We can even project functions dynamically

q)args:0 2!(10;20)
q)prj:{x . @[(count value[x]1)#l;key y;:;value y]}
q)prj[{z};args]
{z}[10;;20]

An important special case - enlist function. We can't use apply because it checks that the number of arguments is less than 9 but we can use eval

q)l:100#l
q)prj2:{eval(enlist),@[x#l;key y;:;value y]}
q)prj2[50;args]
enlist(10;;20;;;....;;)

It's not easy to create such enlist with arbitrary values at random places! Lets use it to calculate some aggregation function on a list with a random number of nulls that will be filled later

q)v:100?til[10],1#l / add some mv nulls
q)f:(')[max;eval(enlist),v] / create func, f now is a function of a random number of args!
q){x first 1?100}/[{100<type x};f] / feed random numbers to f until it is done
65

";" as an identity function

It may look crazy but ";" indeed acts like an identity function

q)";"[1]
1
q)";"[{x+y}]
{x+y}

Even more - it is actually the last identity function because you can pass to it any number of arguments (more than 8!)

q)";"[1;2;3]
3

It is immune to projections and to the magic value and can't be used with apply

q)";"[;mv;10]
10

Strange properties of ";" become clear if we notice that

q)parse "1;2;3"
(";";1;2;3)

it is just the block marker in the eval tree.
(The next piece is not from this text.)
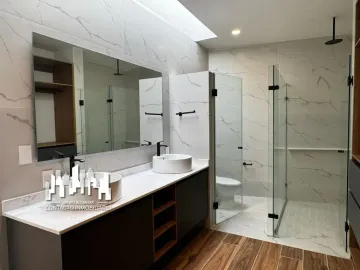 CASA EN VENTA EN VALLE IMPERIAL COTO ALMENDRO/ 4 REC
Actually all 3 expressions are equivalent

1;2;3
[1;2;3]
";"[1;2;3]

"q" and "k" are functions

Like ";" "q" and "k" are also special functions. You can use them instead of value to evaluate string expressions

q)"q" "1+1"
2
q)"k" ",1"
,1

"k" is especially useful if you want to evaluate k code and can't use "k)" syntax

q)("k" ",#:")1 2 3
,3

Actually any char can be a function (except ";"), all you have to do

q)(`$".!.e")set {[s] value s}
q)"!" "1+1"
2

is to provide an eval function. More on this feature in DSL section.

Mistery of :

You may think that ";" and "k" functions are weird but there's more

q)a:{x+1}
q)(a:) 100
101

Yes a: is the same as just a, actually you can add as many ":" as you want, it seems Q doesn't care how many ":" follow a symbol

q)(a:::::::::)100
101

What happens here is that this expression really means this

(a:::::)~(::)a~(:)a

Looks like it is K leaking into Q because you can call other functions in this manner, also you can use other expression delimiters

q)(10!:)
0 1 2 3 4 5 6 7 8 9
q)[10!:]
q)b:10!:;

Unfortunately these unary functions can't be chained, they require some Q expression on the left and execute immediately. There are some tricks though. First of all you can use them to avoid some verbose Q functions like string or enlist

q)(`mysym$:; 10,:)
("mysym";,10)
/ looks especially good when 1 item lists are mixed with multi item lists, adds uniformity to the expression
q)("ab";"a",:)

Also they provide an excelent way to define a composite function - just put :: at the end

q)a:{x+y}; b:{x+1}
q)c:{x*2}b a ::
q)c[10;20]
62

Notice that :: syntax is valid for functions with any number of arguments (unlike f g@) and is simpler than '[f;g]. If your first function in a composition is one of ":" functions you can use the following trick

q)c:{x+1}{x*2}:: !:
q)c 3
1 3 5

You can use two ":" functions at the end. In this case one of them gets applied to its left argument and the second (til in this example) becomes the first function of the composition.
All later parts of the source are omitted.